→ **EXERCISE INSTRUCTIONS**
Set down only these lines, exactly: the line containing "Pin De Kurt" and all lines through the end of the data below. Omit pictures.

------ DATA ------

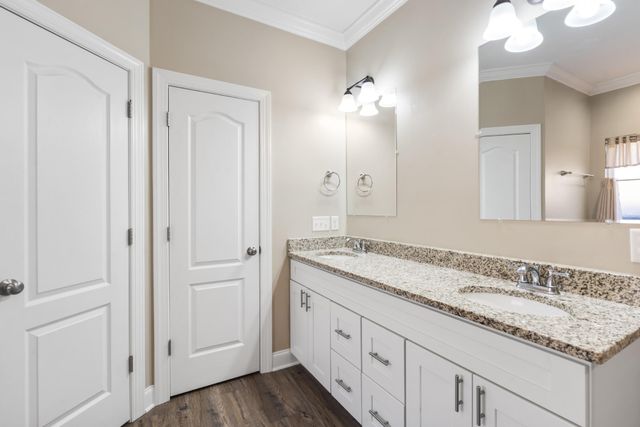 225 Brook Hollow Drive, SE, Cleveland, TN 37323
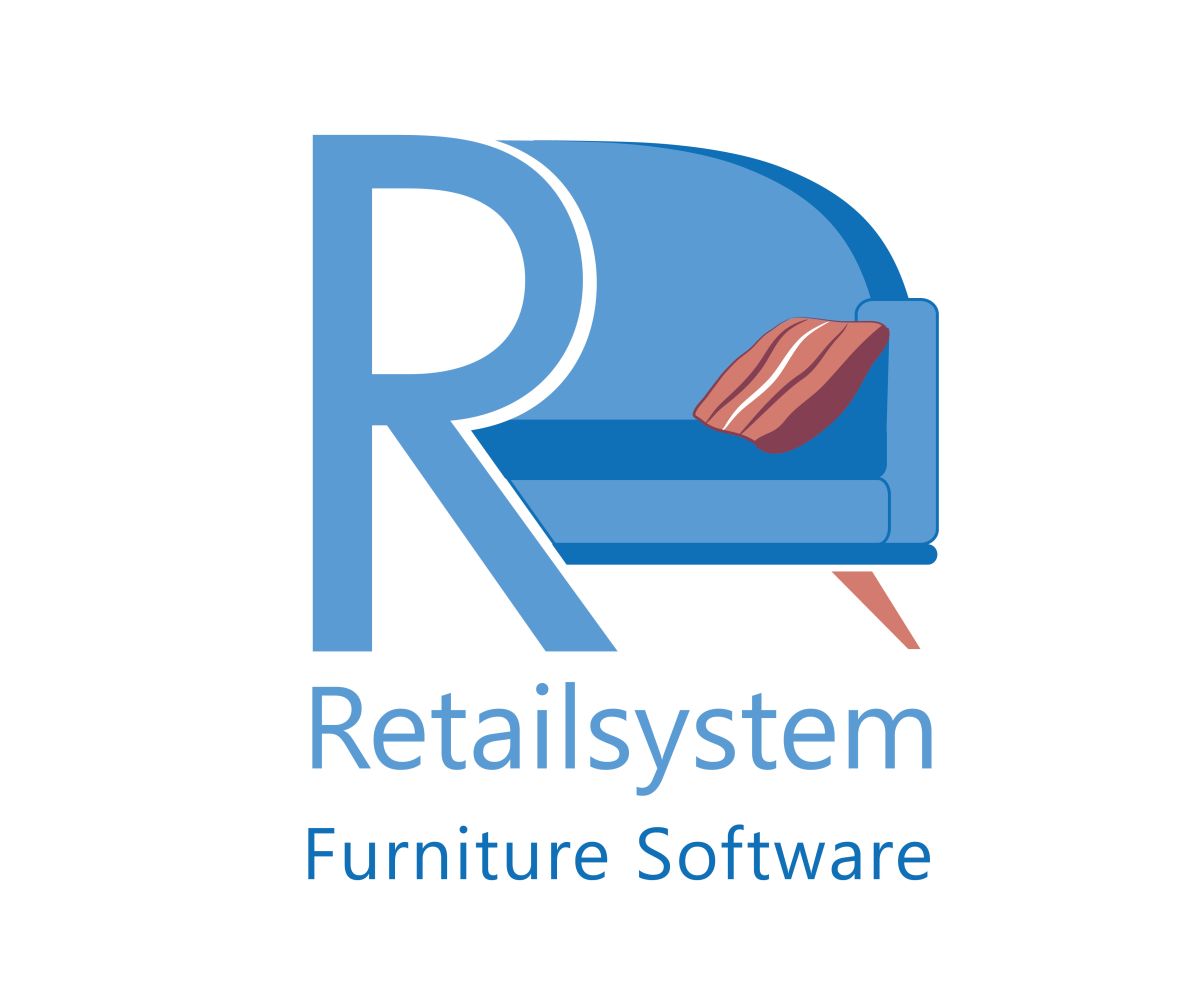 Logo Design by Tatjana R. for this project | Design #5547112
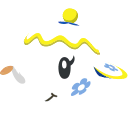 Fanny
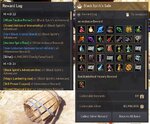 Black spirit safe 2.jpg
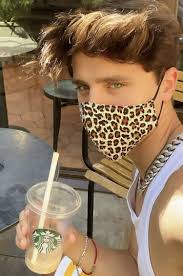 Pin De Kurt Oglu Kurt En Martinez Twins En 2020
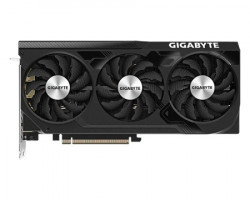 Gigabyte nVidia GeForce RTX 4070 12GB GV-N4070WF3OC-12GD - Img 3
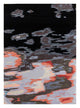 ウールラグ 420x300cm - ウールラグ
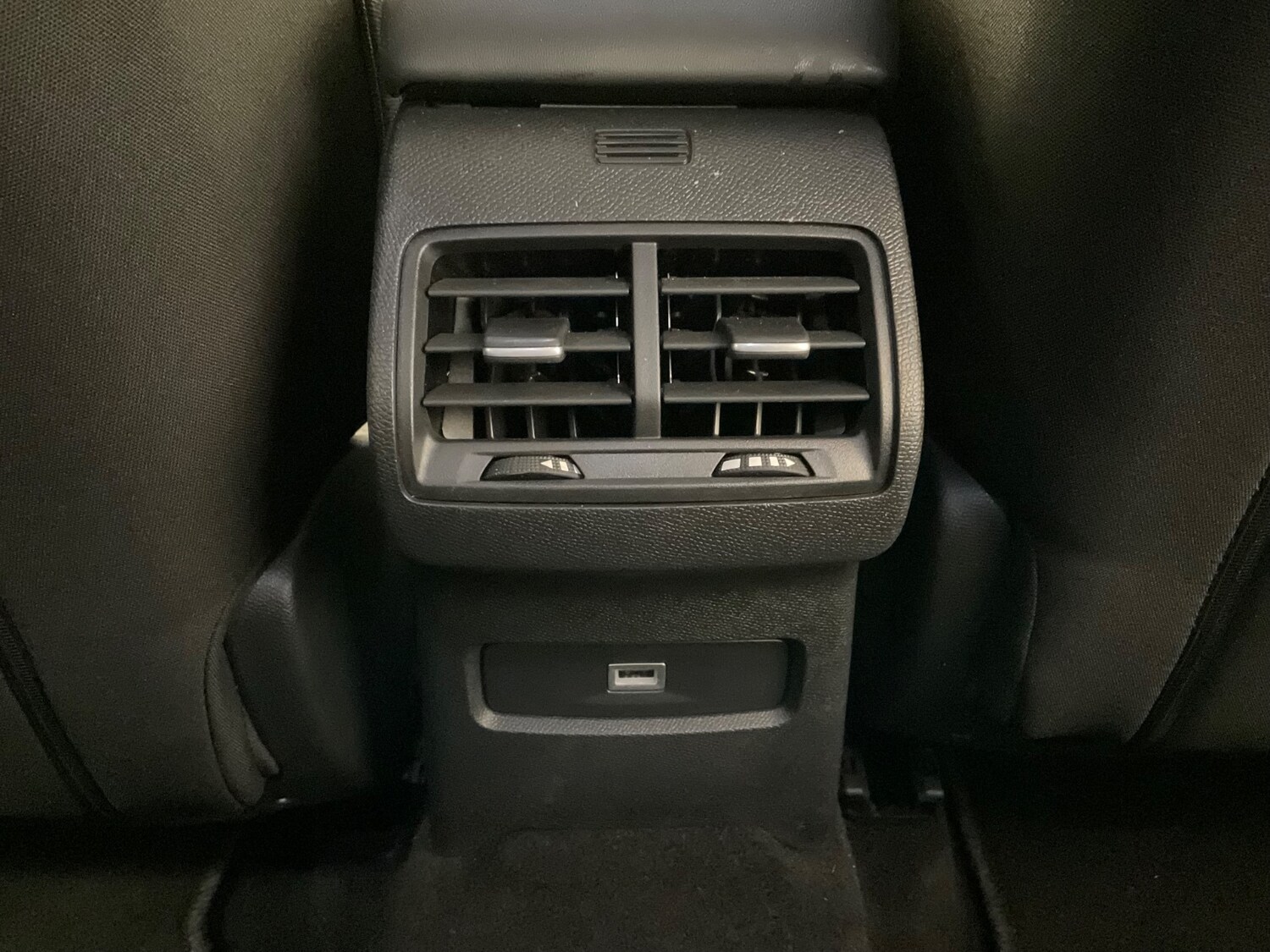 Used Citroen C4 2021 for sale - 76276636: Photo 49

------

→ **REPLY**
 Pin De Kurt Oglu Kurt En Martinez Twins En 2020
 Gigabyte nVidia GeForce RTX 4070 12GB GV-N4070WF3OC-12GD - Img 3
 ウールラグ 420x300cm - ウールラグ
 Used Citroen C4 2021 for sale - 76276636: Photo 49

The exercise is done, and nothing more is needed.